Beschränkung der Befugnisse der Mitgliedstaaten: Zwar können die Mitgliedstaaten für einzelne Tätigkeitsbereiche gesonderte Pro-rata-Sätze vorsehen. Diese Tätigkeitsbereiche sind jedoch nicht geografisch zu verstehen, weshalb Umsätze einer ausländischen Niederlassung nicht mit einbezogen werden dürfen.
Beraterhinweis: Der Sachverhalt der Besprechungsentscheidung betraf den Fall, dass die Berücksichtigung der ausländischen Niederlassungsumsätze für die Hauptniederlassung zu einem höheren Vorsteuerabzug geführt hätte. Die Aussagen des EuGH dürften entsprechend auch in den Fällen gelten, in denen sich ein niedriger Abzugsbetrag ergeben würde.

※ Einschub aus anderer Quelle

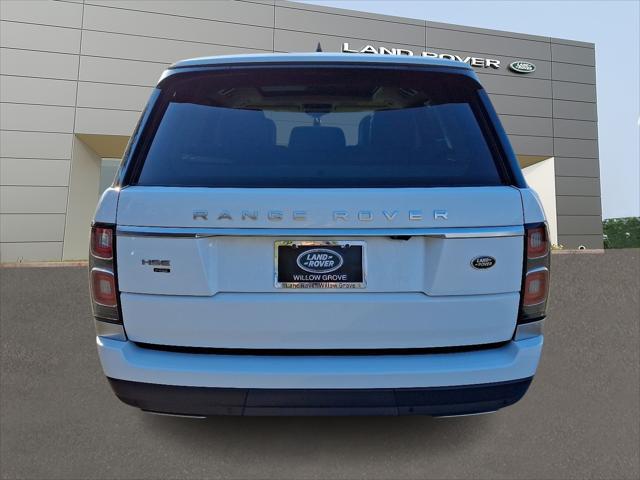 used 2021 Land Rover Range Rover car, priced at $59,990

Sollte die Finanzverwaltung im Einzelfall dennoch einen globalen Pro-rata-Satz ansetzen wollen, kann dem nun die neue EuGH-Rechtsprechung entgegengehalten werden.
Sollte ein Unternehmen im Ausland Umsätze erzielen ohne dort jedoch über feste Niederlassungen zu verfügen, dürfte eine Einbeziehung in den Aufteilungsmaßstab weiterhin erforderlich sein. § 15 Abs. 4 UStG spricht insoweit nur von Umsätzen und nicht von „im Inland steuerbaren Umsätzen“. Auch Umsätze im Ausland können zum Vorsteuerabzug führen (Umkehrschluss aus § 15 Abs. 2 Nr. 2 UStG).